Not out of character, Roger Nusbaum assaults bitcoin with his weapon of choice - common sense. In response to hype - I mean a whitepaper - positioning the digital currency as "a new market paradigm" that aims to stand in as a "necessary alternative to government-monopolized fiat monetary regimes in the post-financial crisis world," Nussbaum, first of all, reminds readers that new paradigms tend to go belly up.
Next, he cautions would-be bitcoin speculators that knowledge is a precondition to making an investment:
A forward-looking investor should want to take the time to understand whether something new, like Bitcoin, could actually do what its proponents say it can do. That is not saying go buy it. It is saying go learn about it. This will sound harsh, but if you're unwilling to learn about new things, you are decreasing your odds of long-term financial success.
The common-sense barrage continues when he notes the inherent difficulty of sizing up something new:
It is very difficult for me to draw any confident conclusions based on such a small window of time. The short window is complicated even further by the possibility raised by the New York Times that price has been manipulated.

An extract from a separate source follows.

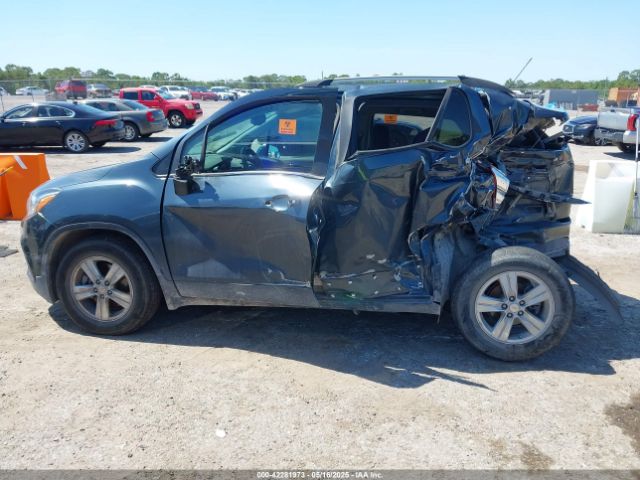 KL7CJPSMXNB557865 Chevrolet Trax Awd Lt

To those who must own the cryptocurrency, he offers a sensible (though hardly common) asymmetric strategy:
If you allocate 1% of your assets to Bitcoin, or one of the others, you have low exposure in terms of value at risk but could have a monstrous return if the price goes to $400,000 as some believe.
That's an intelligent and modest approach, to be sure. But I thought it interesting and intriguing that Nusbaum compares bitcoin to - of all things - managed futures, at the start of his article. I think of bitcoin as an aggressive, momentum-based means of getting in on the ground floor of the next big thing, whereas in my mind managed futures are a dull, plodding strategy to hold an asset that might go up when all else is going down.

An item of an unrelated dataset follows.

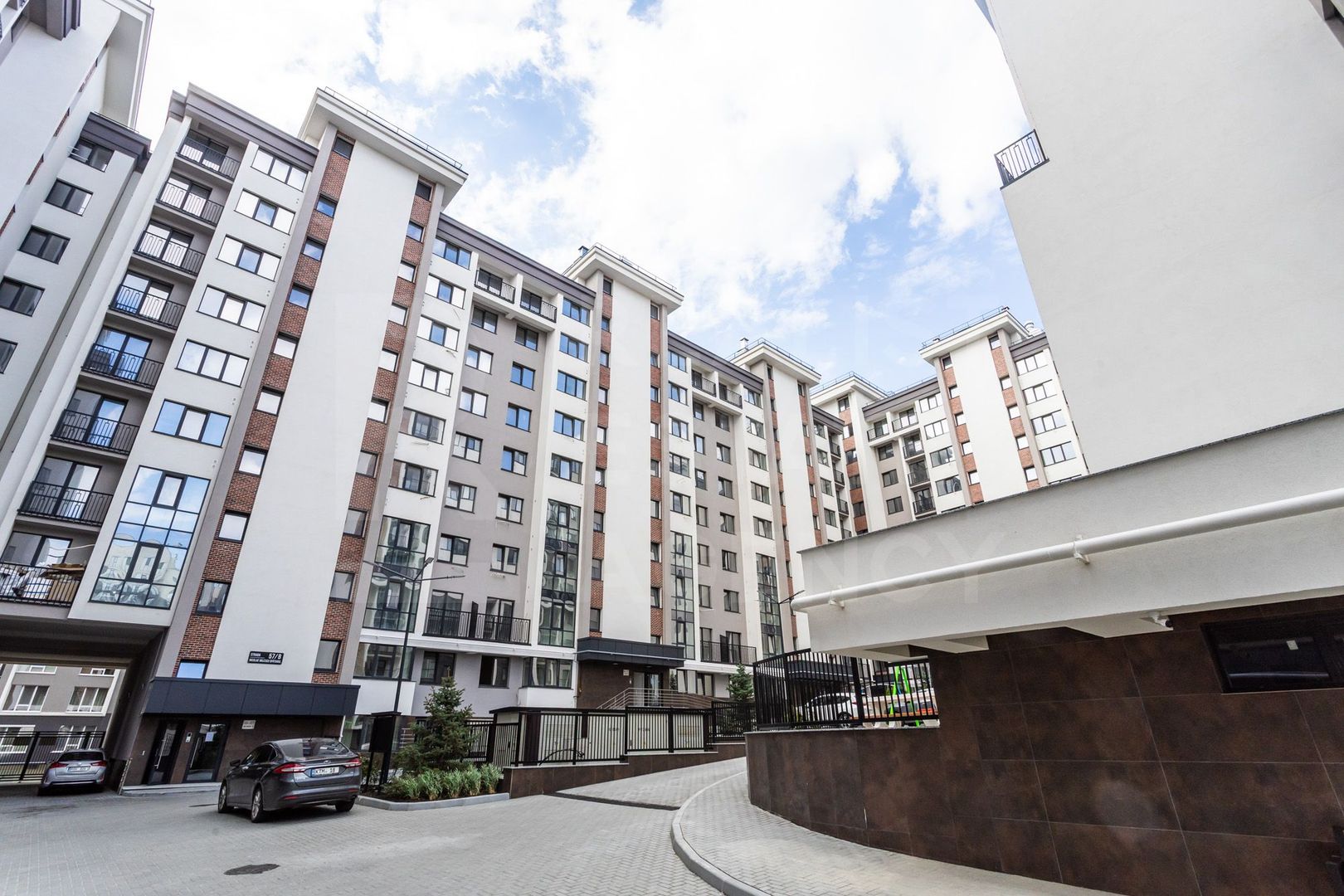 Vânzare, 3 camere, Strada Nicolae Milescu Spătarul, Ciocana - Poză 1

And yet I like the comparison because it could be that what they fundamentally have in common is they are the investments that each had their 15 minutes of fame and never went anywhere afterwards, which Nusbaum himself hints at when he recalls managed futures' "ride from greatness to underperformance."
For those who don't recall, the commodities trading strategy was about the only thing that held up in 2008, when all else fell in terrifying unison. The investment world's cognoscenti talked up managed futures in the aftermath of that crisis, from which point they displayed a knack for slowly and painfully reaching new lows. What the cause of their underperformance is has been a matter of debate. One simple explanation would seem to be that they benefit from either inflationary or deflationary instability in prices, and the post-financial-crisis world has been one of extreme stability. Regardless, I think Nusbaum's unexpected ace-in-the-hole in his attempt to walk bitcoin speculators off the ledge is this reminder that some exciting new investments are ultimately remembered as big duds.
Bitcoin could become what its promoters expect of it, but most things don't become the next big thing, and it is not prudent to be looking for the next big thing if your purpose is investing rather than speculating. Investing should mainly be about saving money, then dividing your wealth into tried and true risk-based assets together with an appropriate degree of liquidity. If you're willing to speculate a bit in hopes of goosing up your portfolio, Nusbaum's asymmetric strategy seems a good one.
But I've got another asymmetric strategy for you. Take a dollar out of your wallet and buy a lottery ticket. Seen in that light, you might not be so eager to allocate a sizable portion of said wallet for something as speculative as bitcoin.